Monday, May 6, 2013

Five things we learned from the UK local elections

Last Thursday, elections were held throughout most of England to elect county councils.  These particular councils were last fought in 2009, when Conservative popularity was at its peak.  This meant that the Tories had a very high starting point, controlling 28 of the 34 councils being contested in England.  Despite them losing the popular vote (at least according to BBC figures), they were still able to control a majority of the councils up for election.  The UK Independence Party (UKIP), though, has reached record support, taking nearly a quarter of the vote and over a hundred council seats.






So what have we learned from these council elections?

1. The disconnects between the top and bottom of the Conservative party are strong.

How the results are interpreted depends on who from the Conservative party you ask.  If you talk to some of the top Tory MPs, such as Chairman Grant Schapps, Home Secretary Theresa May and Foreign Secretary William Hague, they will say that they are doing an excellent job in running the country and that their main problem is that they're not communicating it to the public.  If you talk to Councilors, though, especially those who were defeated last week, they will say that they don't feel like the party is listening to the people.  This difference of opinion in itself is a sign that there is a strong split in the Tory party on what needs to be done in order to prevent being humiliated at the 2015 election, and I'd be more inclined to believe that councilors who just got off the campaign trail are more likely to have a sense of what the British public thinks than high-level cabinet members.

2. Coalition is hurting the Conservatives as much as it's hurting the Lib Dems.

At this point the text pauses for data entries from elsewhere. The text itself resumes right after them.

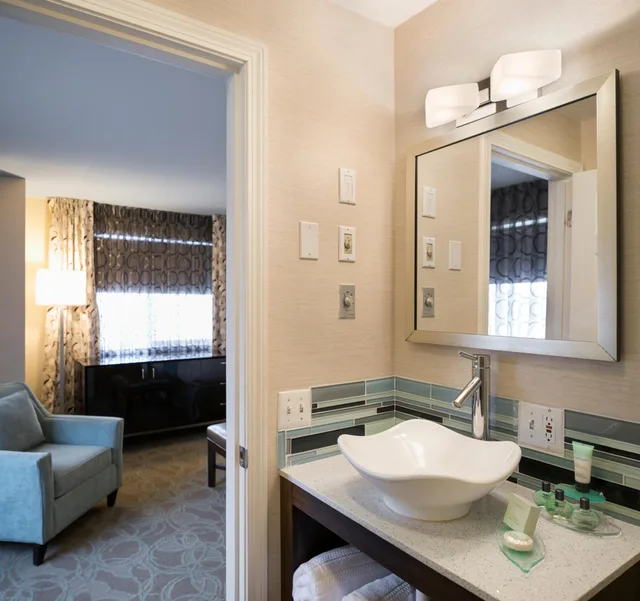 جناح سوبيريور بسرير كينج، Aqua Blue Hotel & Conference Center 4/6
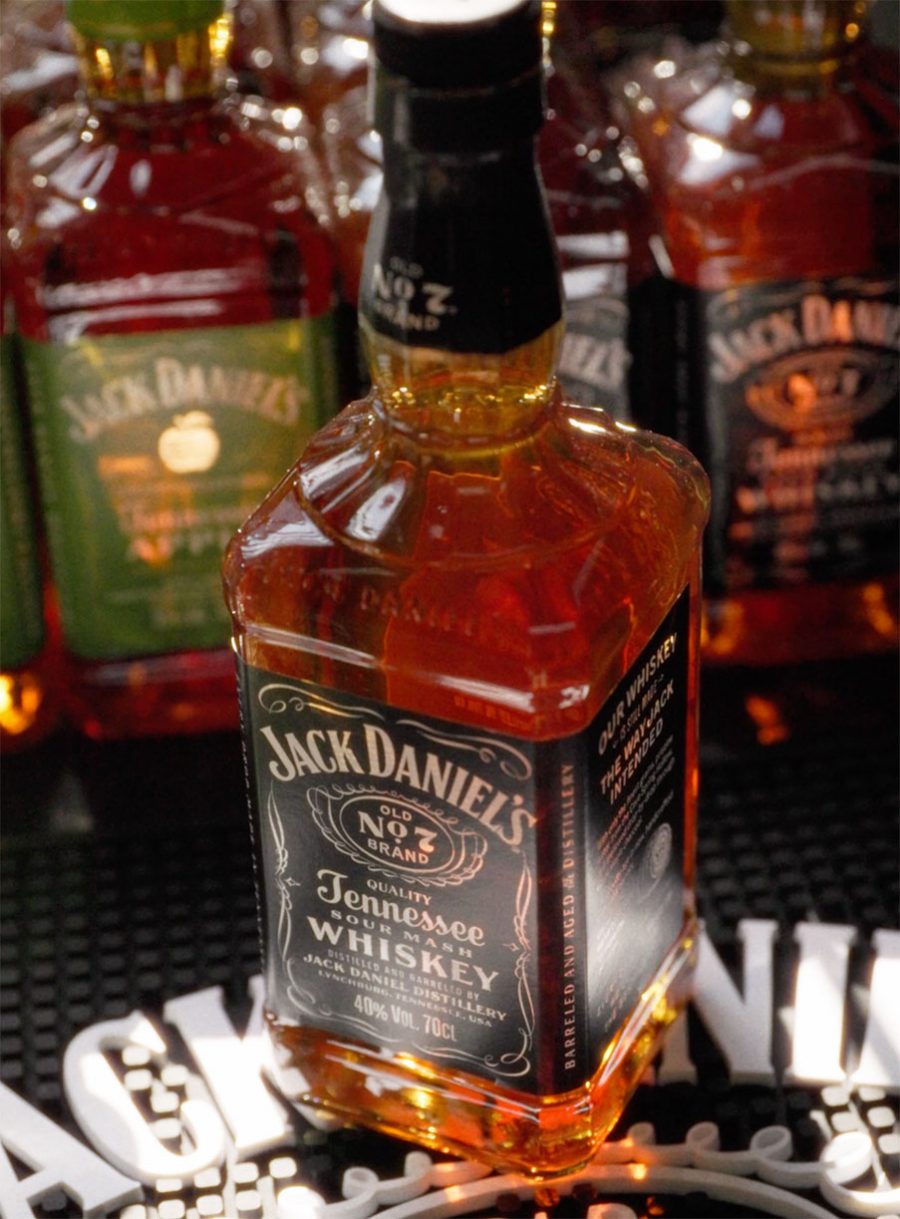 SYN X Jack Daniels Lindsay Thomas Robinson Video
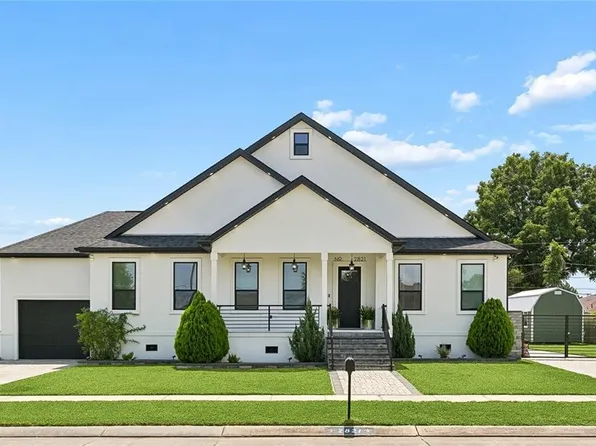 2821 Charles Dr, Chalmette, LA 70043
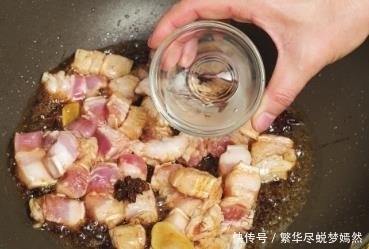 香酥|红烧肉试试这样做,不用炒糖色,加这种食材一起烧,绵软香酥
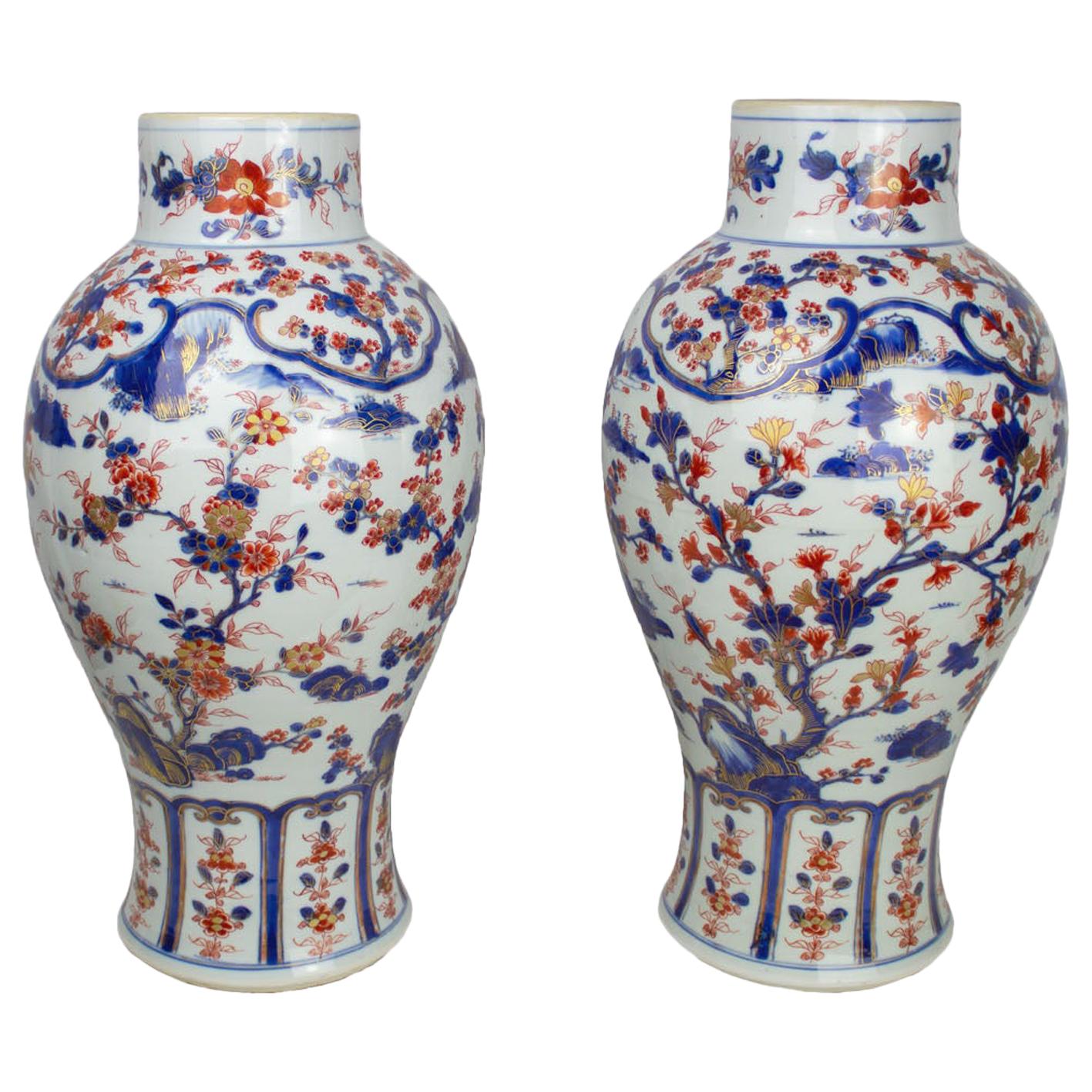 Chinese Export Porcelain Pair of Jars, Kangxi, '1662-1722' For Sale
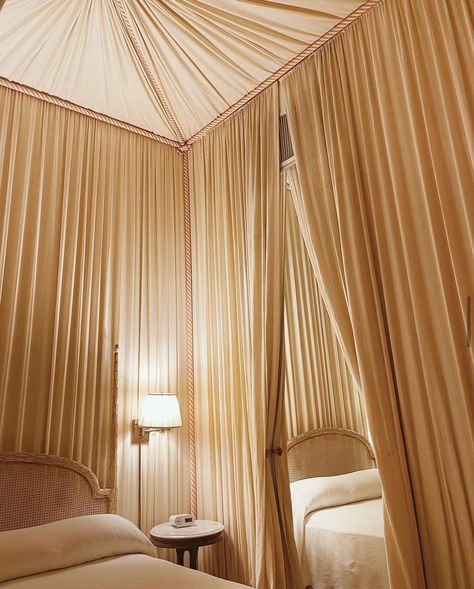 Elizabeth Damrich, 4 Poster Bed Canopy, Charleston Bedroom, Tent Room, Canopy Bed Curtains, Bedroom Nook, Mark D Sikes, Bedroom Drapes, Bedroom Bliss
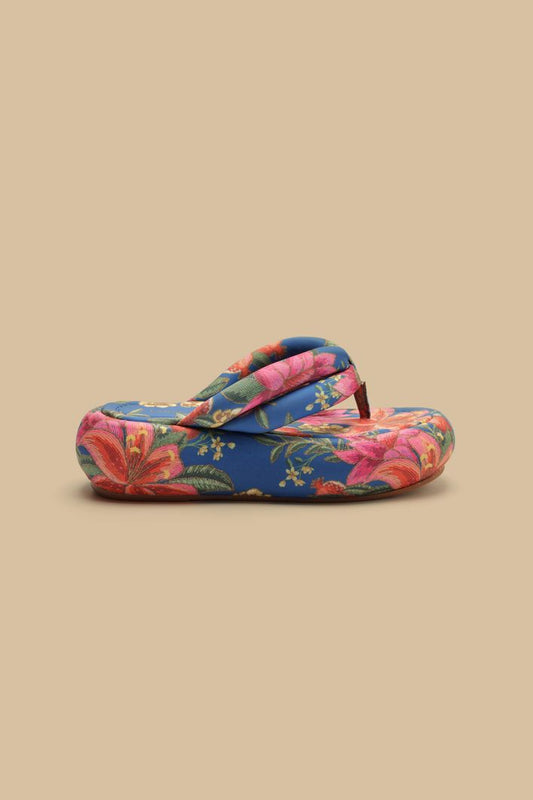 Chanclas con Plataforma Plana y Estampado Katita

It's well-known that the Liberal Democrats being in government has really hurt them politically, due mainly to the tuition fee increase and increasingly due to the government's austerity program. However, this coalition doesn't seem to be helping the Conservatives either, because many of their core voters have been abandoning the party to UKIP.  Many people who say they are former Tory voters have had comments published on the BBC's Live Coverage page saying that they are voting UKIP because they are better addressing immigration and the EU.  The problem here is that the Conservatives can't really do much on Europe because they're in coalition with the Lib Dems, who are the most pro-Europe of the four main parties.  As we're seeing with both of the coalition parties, you are still associated with government policy even when it differs from party policy.

3. First Past the Post is about defeating your main opponent.

It is estimated that the Liberal Democrats lost around half of the vote that they had in 2009, however in terms of seats, they only lost a quarter of the council seats that they were defending.  The Conservatives, on the other hand, were able to lose a similar fraction of councilors while losing a smaller share of the votes.  This is one of the quirks about the First Past the Post, where a party can lose a large number of votes without losing a large number of seats.  The reason for this is because a large number of Lib Dem council seats were under more threat from the Tories than from Labour, and because the two parties are down about the same amount, the swing between them is around nil.  No swing means no seat change.  (That said, if Labour was chasing the seat, they will almost certainly have gotten it.)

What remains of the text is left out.